(Beginning of Source material)
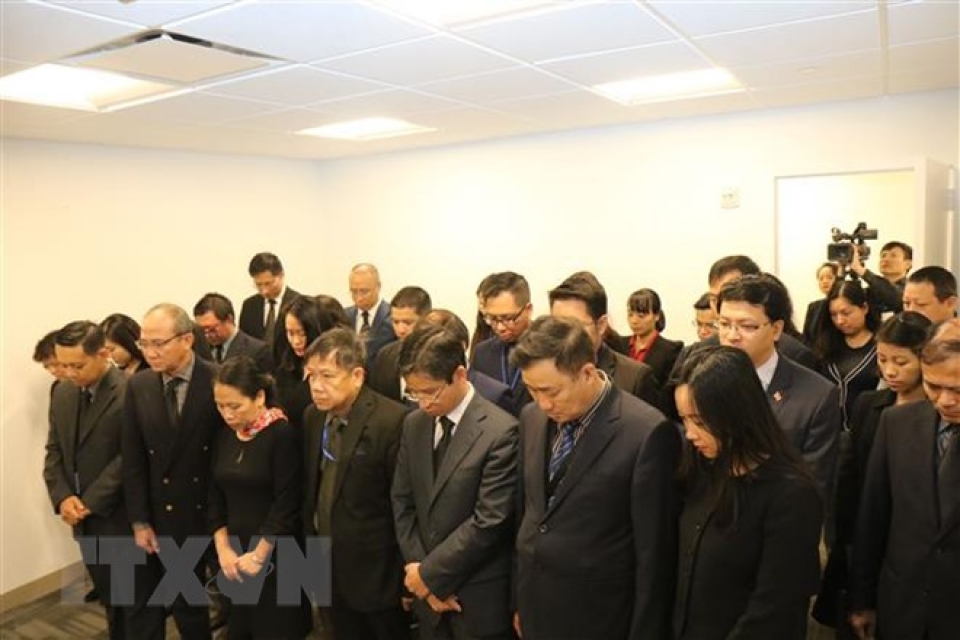 le vieng va mo so tang chu tich nuoc tran dai quang tai lien hop quoc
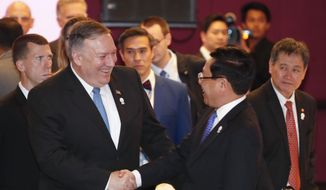 U.S. Secretary of State Mike Pompeo, left, shakes hands with Vietnam&#39;s Deputy Prime Minister and Foreign Minister Phạm Binh Minh as ASEAN Secretary-General Dato Lim Jock Hoi, right, looks on, ahead of the ministerial meeting between Association of Southeast Asian Nations (ASEAN) Foreign Ministers&#39; and the U.S. in Bangkok, Thailand, Thursday, Aug 1, 2019. (AP Photo/Gemunu Amarasinghe)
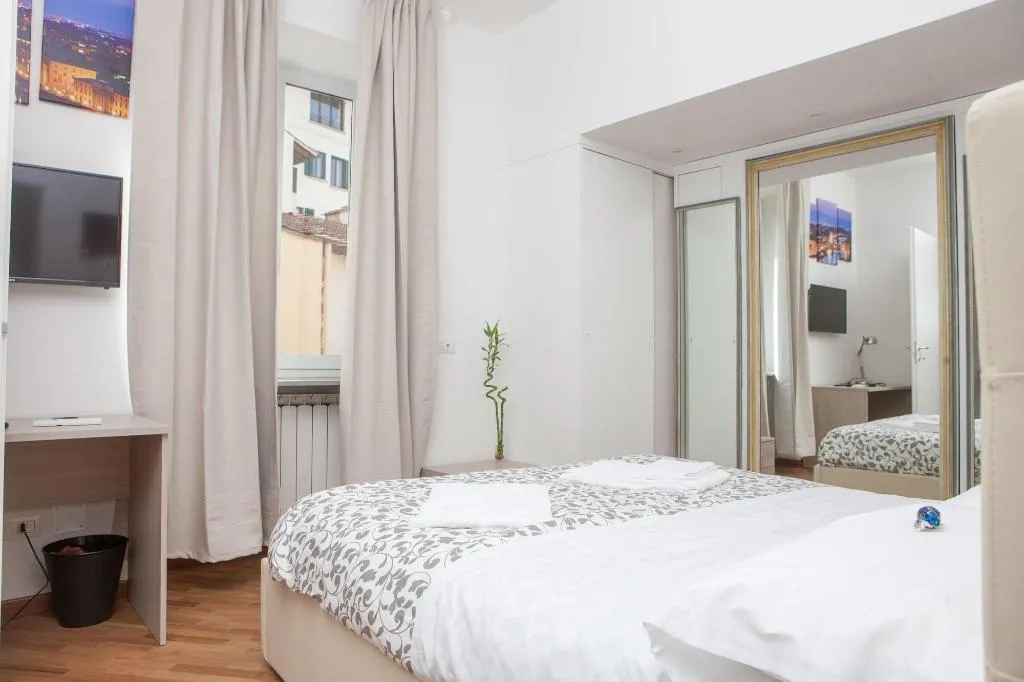 Room, Le Tre Lune Suites, Florence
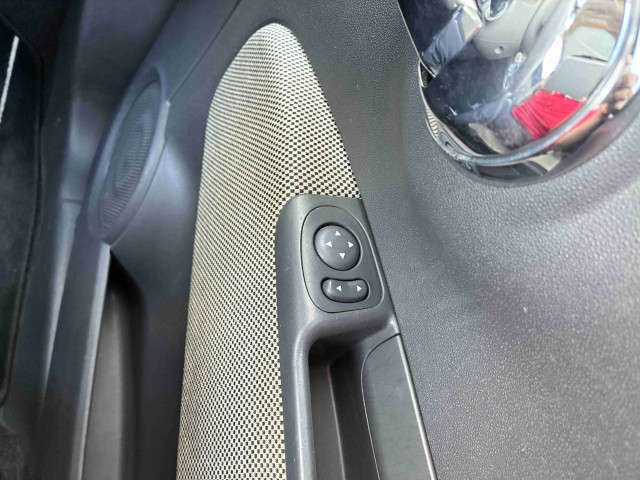 フィアット 500 1.2 8V Lounge RHDの中古車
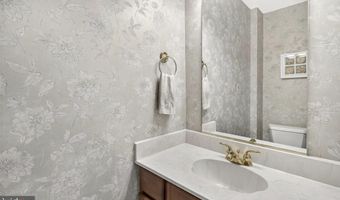 7504 WESTLAKE Ter 25, Bethesda, MD 20817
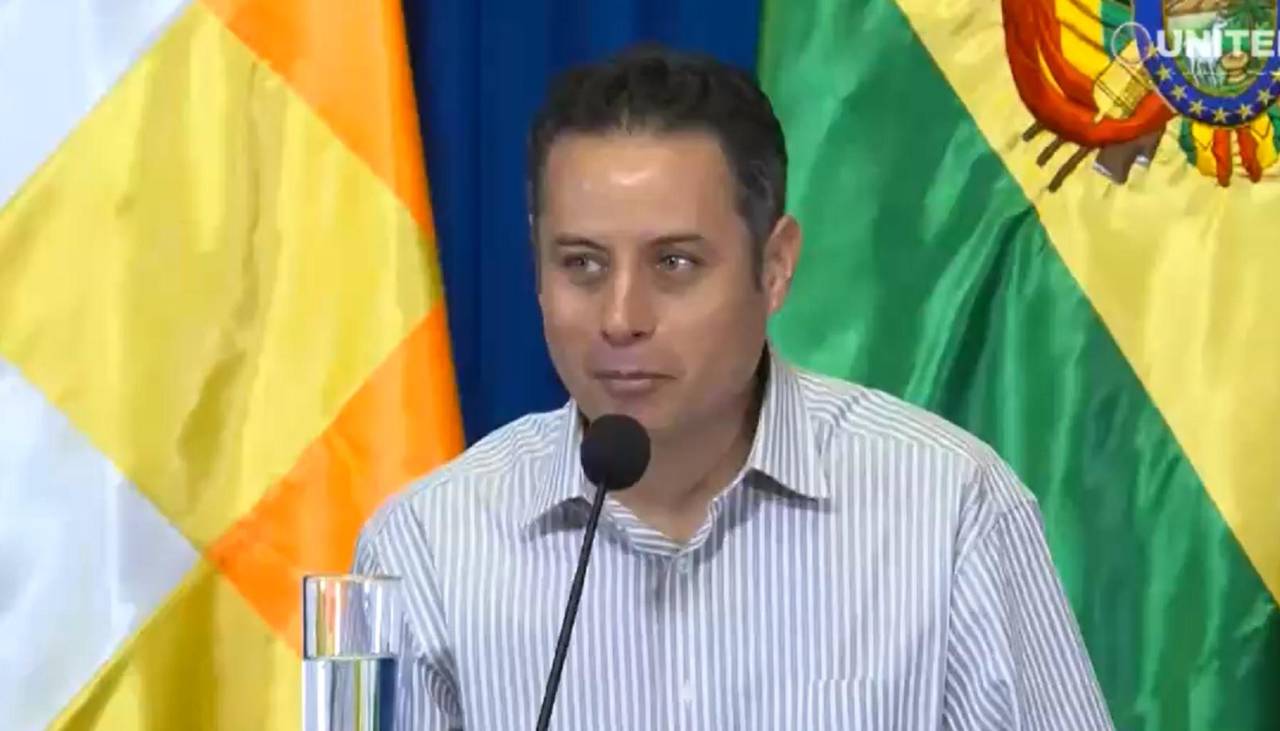 Lara dice que Russo no debería ser comandante de la Policía en Bolivia por un fallo Constitucional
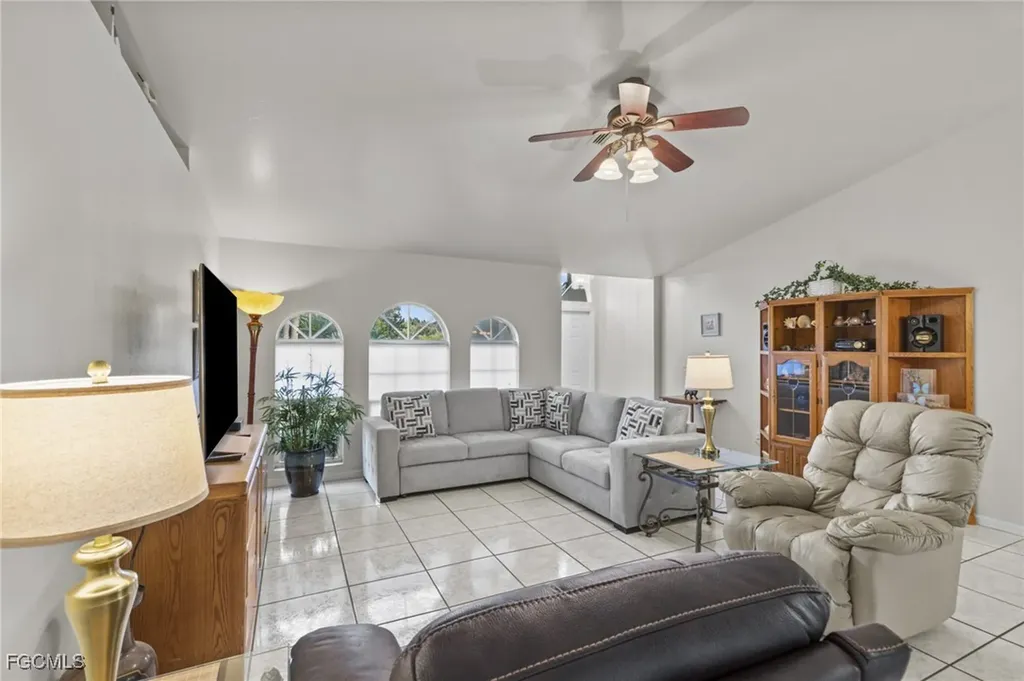711 12th Street NE Naples FL 34120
(End of Source material)
Problem description -> In the records above, find the line that contains "7504 WESTLAKE Ter 25, Bethesda, MD 20817". Retype it and every line after it, exactly, leaving out all pictures.

Worked solution ->
 7504 WESTLAKE Ter 25, Bethesda, MD 20817
 Lara dice que Russo no debería ser comandante de la Policía en Bolivia por un fallo Constitucional
711 12th Street NE Naples FL 34120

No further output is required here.